| 中に入った來羽がまず思ったことは、出入り口であるはずのこの場所に、 何故こんなに人がいるのだろう、ということだ。 端正な顔立ちをした少女たちが、みな一様にこちらを向いている。 ある者は間近に立っているにも関わらず興味深げに眼を凝らしてみたり、 また別の者は遠くから背伸びしたまま首を長くしてみたりと、 十数人程度の女の子がとにかく我先にと押せおせ状態だ。 近隣にも有名なサ・フォス女学園の灰色のタータンチェック柄がよく映える ワンピースタイプではない制服を着ている子がいるように見えるのは… おそらく中等部の生徒だろうか。 そういえばここは、『中高等部寮』と確かに表示されていたはず。 つまりは、高等部以外の生徒が歩いていたとしても何ら不思議ではないということだ。
「早乙女さん?」
ふと目の前の一人に声をかけられた。 見ると、彼女は先ほども來羽の名前を確認するように話しかけてきた高等部の生徒だった。 彼女のいまの話し声のトーンだと、來羽が何も言わないまま黙っているので、 再度合っているのか確かめるかのような言い方だ。 「はい」 彼女は誰なのか、何で自分の名前を知っているのか、 どうしていきなり声をかけてきたのか…訊きたいことは山ほどあったが、 自分が早乙女來羽である以上はということで、來羽は尋ね返した。
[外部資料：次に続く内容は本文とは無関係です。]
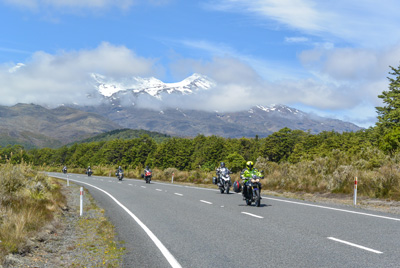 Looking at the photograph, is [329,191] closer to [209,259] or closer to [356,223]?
[356,223]

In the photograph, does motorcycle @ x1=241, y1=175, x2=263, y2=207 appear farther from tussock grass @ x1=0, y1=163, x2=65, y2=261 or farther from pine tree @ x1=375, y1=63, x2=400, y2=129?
pine tree @ x1=375, y1=63, x2=400, y2=129

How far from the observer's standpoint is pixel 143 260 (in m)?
6.86

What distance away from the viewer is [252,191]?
1498 centimetres

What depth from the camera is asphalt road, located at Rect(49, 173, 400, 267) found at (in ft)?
21.3

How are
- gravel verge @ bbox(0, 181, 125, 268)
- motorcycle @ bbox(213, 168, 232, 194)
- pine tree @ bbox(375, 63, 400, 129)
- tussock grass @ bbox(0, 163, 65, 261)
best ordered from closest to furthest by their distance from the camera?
gravel verge @ bbox(0, 181, 125, 268)
tussock grass @ bbox(0, 163, 65, 261)
motorcycle @ bbox(213, 168, 232, 194)
pine tree @ bbox(375, 63, 400, 129)

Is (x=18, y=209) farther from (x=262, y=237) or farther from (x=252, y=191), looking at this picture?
(x=252, y=191)

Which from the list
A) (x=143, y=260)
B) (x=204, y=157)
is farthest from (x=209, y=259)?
(x=204, y=157)

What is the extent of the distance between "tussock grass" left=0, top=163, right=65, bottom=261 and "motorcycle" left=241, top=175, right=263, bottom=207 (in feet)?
23.3

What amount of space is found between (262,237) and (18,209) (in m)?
7.10

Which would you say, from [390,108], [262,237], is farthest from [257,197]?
[390,108]

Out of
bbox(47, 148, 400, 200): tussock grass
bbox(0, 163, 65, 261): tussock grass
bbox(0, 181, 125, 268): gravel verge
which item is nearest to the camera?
bbox(0, 181, 125, 268): gravel verge

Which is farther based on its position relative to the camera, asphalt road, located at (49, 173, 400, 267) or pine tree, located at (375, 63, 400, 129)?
pine tree, located at (375, 63, 400, 129)

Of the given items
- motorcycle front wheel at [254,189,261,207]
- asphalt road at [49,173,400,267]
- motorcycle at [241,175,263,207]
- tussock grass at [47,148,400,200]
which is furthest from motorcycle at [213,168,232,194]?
asphalt road at [49,173,400,267]

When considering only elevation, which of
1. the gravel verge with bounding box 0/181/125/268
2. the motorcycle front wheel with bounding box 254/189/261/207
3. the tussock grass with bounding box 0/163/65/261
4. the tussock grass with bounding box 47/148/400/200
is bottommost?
the gravel verge with bounding box 0/181/125/268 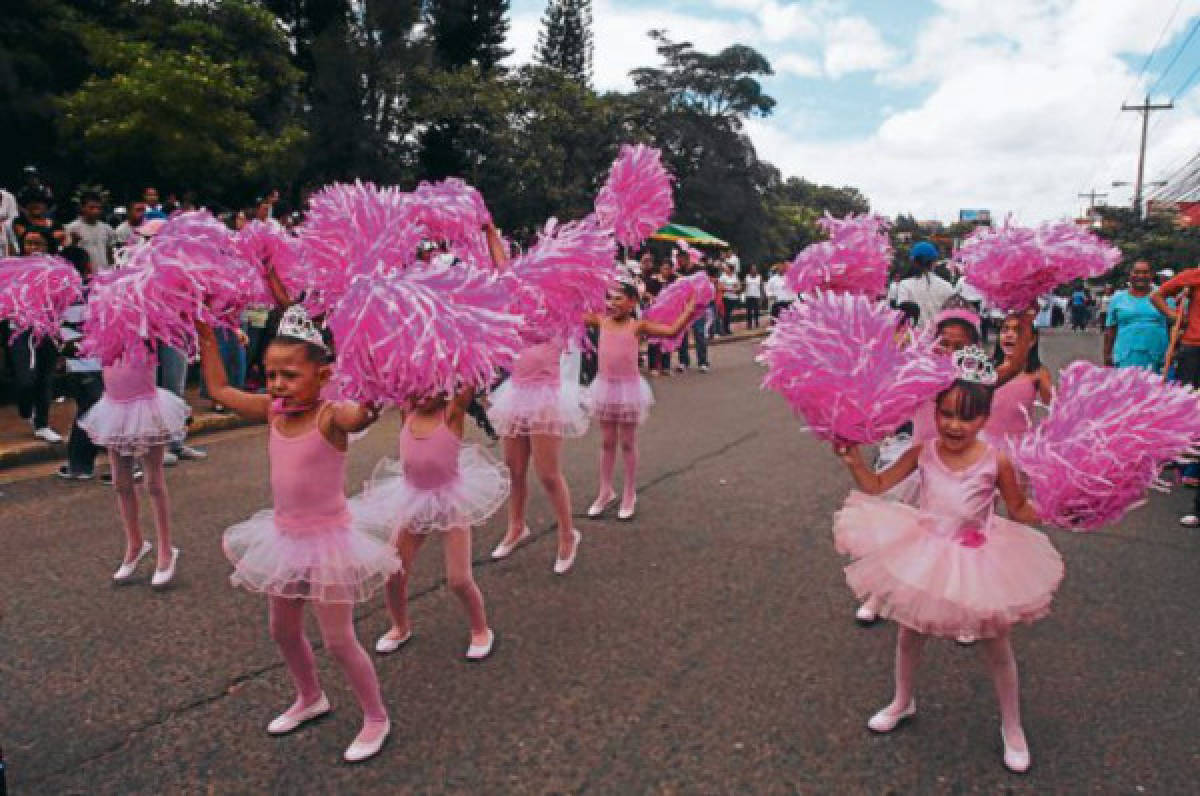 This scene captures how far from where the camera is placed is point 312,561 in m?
2.88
「ああ、良かった。ちょうどあなたをお待ちしていたのよ、私たち」 やわらかく微笑むのは、口調からたぶん上級生だ。 この学校の制服には学年の違いを示す印はない。 だから、中等部か高等部かの見極めるならともかく、 あくまで物怖じしない話し方や落ち着き払った態度から推測するしかない。 彼女は後ろに数人の生徒を引き連れて、來羽を待っていたと言う。 面識のないはずの上級生がわざわざ待っていたということで、 來羽の顔が心なしか強張ったその時…また別に横から口をはさむ生徒が居た。
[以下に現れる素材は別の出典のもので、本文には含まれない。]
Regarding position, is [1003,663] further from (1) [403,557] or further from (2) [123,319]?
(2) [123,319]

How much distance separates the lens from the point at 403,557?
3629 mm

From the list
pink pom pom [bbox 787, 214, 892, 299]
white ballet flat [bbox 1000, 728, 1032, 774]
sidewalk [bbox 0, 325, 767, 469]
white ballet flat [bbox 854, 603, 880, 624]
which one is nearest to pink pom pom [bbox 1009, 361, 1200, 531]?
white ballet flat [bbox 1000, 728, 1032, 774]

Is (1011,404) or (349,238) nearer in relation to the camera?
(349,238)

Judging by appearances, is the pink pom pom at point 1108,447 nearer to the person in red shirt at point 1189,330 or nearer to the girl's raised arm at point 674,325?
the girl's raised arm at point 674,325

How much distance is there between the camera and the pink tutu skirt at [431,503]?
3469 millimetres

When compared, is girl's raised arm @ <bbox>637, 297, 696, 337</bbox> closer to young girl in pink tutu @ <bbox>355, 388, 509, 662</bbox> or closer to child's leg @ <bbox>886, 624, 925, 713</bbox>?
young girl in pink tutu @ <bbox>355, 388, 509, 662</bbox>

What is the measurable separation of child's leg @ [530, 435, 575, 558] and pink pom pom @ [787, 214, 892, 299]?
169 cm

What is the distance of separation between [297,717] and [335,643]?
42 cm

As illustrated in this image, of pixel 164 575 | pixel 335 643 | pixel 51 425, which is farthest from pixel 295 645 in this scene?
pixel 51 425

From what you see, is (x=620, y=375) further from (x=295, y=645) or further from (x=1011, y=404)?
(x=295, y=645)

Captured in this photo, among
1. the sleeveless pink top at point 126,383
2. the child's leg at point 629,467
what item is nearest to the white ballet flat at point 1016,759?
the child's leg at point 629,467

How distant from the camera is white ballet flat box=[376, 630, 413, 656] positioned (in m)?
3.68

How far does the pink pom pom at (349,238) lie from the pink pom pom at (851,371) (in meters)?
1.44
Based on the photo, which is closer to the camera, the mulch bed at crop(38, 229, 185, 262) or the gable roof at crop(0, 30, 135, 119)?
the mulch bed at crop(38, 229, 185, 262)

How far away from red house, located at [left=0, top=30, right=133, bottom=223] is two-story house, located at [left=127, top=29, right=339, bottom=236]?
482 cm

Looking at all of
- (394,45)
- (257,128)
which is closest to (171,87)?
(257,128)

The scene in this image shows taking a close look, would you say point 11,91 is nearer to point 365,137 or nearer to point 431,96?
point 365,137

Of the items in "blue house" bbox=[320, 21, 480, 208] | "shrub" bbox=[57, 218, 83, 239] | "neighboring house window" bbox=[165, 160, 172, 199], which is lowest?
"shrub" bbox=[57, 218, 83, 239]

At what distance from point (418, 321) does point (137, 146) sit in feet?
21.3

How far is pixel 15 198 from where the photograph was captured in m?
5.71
「ちょっと待って!早乙女さんを待っていたのは、うちの方が先よ」 これまた上級生だろうか。 先ほどの女生徒は眼鏡をかけていて、長くて真っ直ぐな髪にほっそりとした体型が いかにも文系のような印象を受けるのに対して、 こちらの彼女は背が高い上に全体的な肉付きが良い筋肉質な体型をした 蛭田そっくりのいかにも体育系という印象を受ける。
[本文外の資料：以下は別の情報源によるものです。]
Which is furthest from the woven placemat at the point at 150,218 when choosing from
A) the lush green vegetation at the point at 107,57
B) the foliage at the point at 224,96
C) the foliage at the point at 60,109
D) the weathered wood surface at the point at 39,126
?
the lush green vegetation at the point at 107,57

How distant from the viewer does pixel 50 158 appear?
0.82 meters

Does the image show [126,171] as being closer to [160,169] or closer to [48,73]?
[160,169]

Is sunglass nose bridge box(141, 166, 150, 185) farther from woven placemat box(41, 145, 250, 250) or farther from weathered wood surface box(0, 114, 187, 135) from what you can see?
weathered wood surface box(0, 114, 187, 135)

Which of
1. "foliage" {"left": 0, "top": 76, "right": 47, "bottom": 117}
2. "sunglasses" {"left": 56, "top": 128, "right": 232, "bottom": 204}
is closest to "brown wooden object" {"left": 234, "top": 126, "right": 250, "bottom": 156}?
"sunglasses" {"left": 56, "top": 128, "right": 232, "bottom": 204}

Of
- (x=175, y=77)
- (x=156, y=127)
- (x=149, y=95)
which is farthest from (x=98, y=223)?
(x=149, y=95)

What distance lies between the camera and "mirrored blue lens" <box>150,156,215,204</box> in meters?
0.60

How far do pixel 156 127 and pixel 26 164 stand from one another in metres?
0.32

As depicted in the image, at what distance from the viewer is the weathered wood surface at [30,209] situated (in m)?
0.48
「何ですって?あなたたちなんてほんの今さっき着いたばかりじゃない」 彼女たちが何者にせよ、目の前で繰り広げられている状況は 決して安心できるものではない。 むしろ、何だか雲行きが怪しくなってきたと感じるのは來羽の気のせいでは ないはずだ。 彼女たちのちょっとしたいざこざが次第にヒートアップするうちに、 來羽を囲む人だかりは更なる輪をかけていった。